Drama um Amber Glenn Patzer auf dem Eis – Madonna meldet sich mit Videobotschaft
Bei den Olympischen Winterspielen in Italien hat die pansexuelle US-Eiskunstläuferin Amber Glenn mit einem Patzer auf dem Eis im Kurzprogramm einen herben Rückschlag erlitten. Die 26-Jährige liegt nach einem missglückten Auftritt bei einem geplanten dreifachen Rittberger nur noch auf Rang 13, ihre Medaillenchancen dürfte damit dahin sein. Die 26-Jährige zeigte sich nach ihrem Auftritt am Dienstag tief enttäuscht und kämpfte mit den Tränen. Vorab hatte sich noch Popstar Madonna mit einer Videobotschaft bei Glenn gemeldet.
Tränen auf dem Eis
Zunächst fand Glenn gut in ihr Programm. Beim letzten Element, einem Dreifach-Rittberger, unterlief ihr jedoch ein entscheidender Fehler: Statt der geplanten dreifachen Rotation gelang nur ein doppelter Sprung. Zwar beendete sie ihre Kür ohne weitere Patzer, doch unmittelbar nach dem Ende der Musik war ihr die Enttäuschung deutlich anzusehen. Noch im Auslaufbereich schossen ihr die Tränen in die Augen, auch bei der Bekanntgabe der Wertung konnte sie ihre Emotionen nicht verbergen. Mit 67,39 Punkten blieb sie deutlich hinter den eigenen Ansprüchen zurück.

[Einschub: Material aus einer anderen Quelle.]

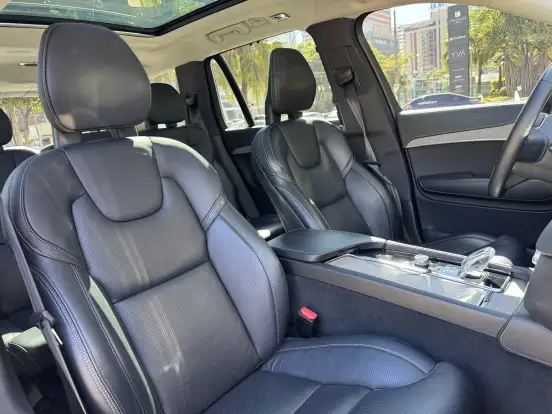 VOLVO-XC90-2021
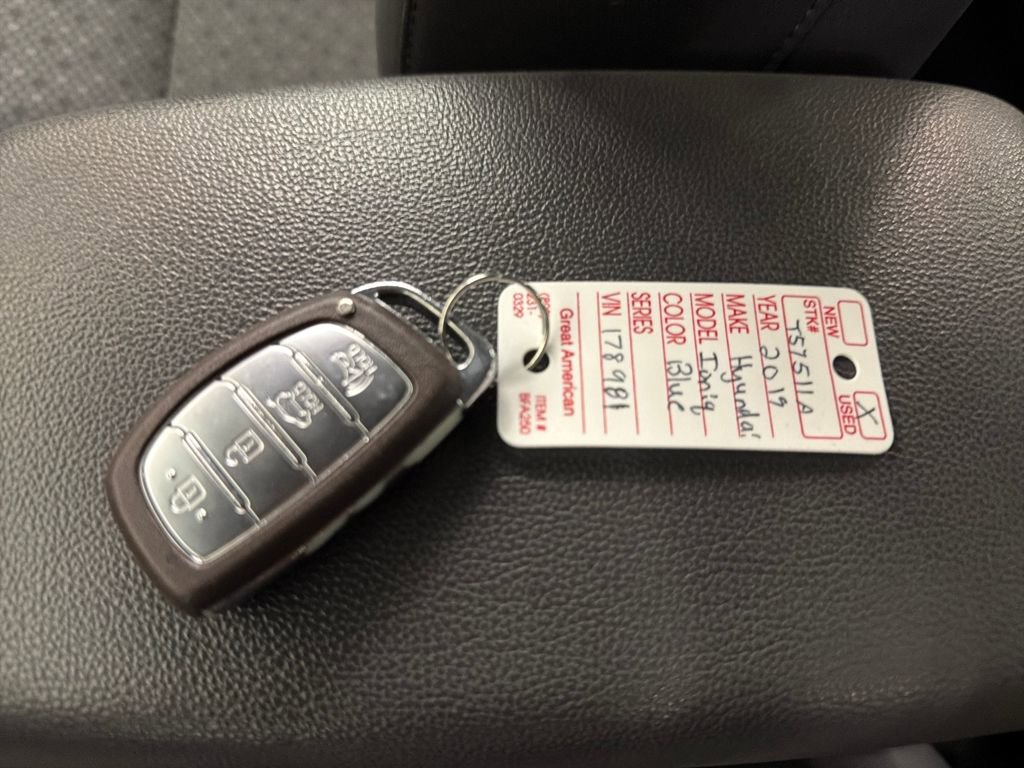 Used 2019 Hyundai Ioniq Blue image 27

Für die US-Eiskunstläuferinnen steht bei diesen Spielen viel auf dem Spiel: Seit 2006 hat keine Athletin aus den Vereinigten Staaten eine Einzelmedaille gewonnen. In Italien tritt das Team mit Amber Glenn, Alysa Liu und Isabeau Levito an. Vor der Kür am Donnerstag ist die Ausgangslage schwierig. Alysa Liu liegt nach dem Kurzprogramm auf Rang drei, Isabeau Levito auf Platz acht, Amber Glenn belegt Position 13. In Führung liegen die Japanerinnen Ami Nakai und Kaori Sakamoto. Glenn sicherte sich allerdings vorab bereits Gold im Teamwettbewerb im Eiskunstlauf.
Auffällige Persönlichkeit
Glenn zählt zu den auffälligsten Persönlichkeiten dieser Winterspiele, auch wegen ihrer persönlichen Geschichte. Nach eigenen Angaben musste sie als Teenager aufgrund von Depressionen und Angstzuständen in ein Krankenhaus eingewiesen werden. Als einen Auslöser nannte sie die aus ihrer Sicht toxische Vergleichskultur im Eiskunstlauf. Zudem litt sie an einer Essstörung. „Ich dachte, ich komme nirgendwo hin, und rutschte in eine schwere Depression, in der ich nicht mehr weiterleben wollte - ich wollte gar nichts mehr“, sagte Glenn in einem Porträt des Time-Magazine. 2019 machte sie öffentlich, dass sie bisexuell sowie pansexuell ist.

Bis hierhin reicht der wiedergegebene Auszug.